[Exercise goal] Retype every line of the data, keeping each word exactly.

[Data provided]
★ ★ ★ ★
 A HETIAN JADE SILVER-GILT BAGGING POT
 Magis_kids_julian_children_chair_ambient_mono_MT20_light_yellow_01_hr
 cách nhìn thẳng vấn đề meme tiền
★ ★ ★ ★
[Response for this exercise]
 A HETIAN JADE SILVER-GILT BAGGING POT
 Magis_kids_julian_children_chair_ambient_mono_MT20_light_yellow_01_hr
 cách nhìn thẳng vấn đề meme tiền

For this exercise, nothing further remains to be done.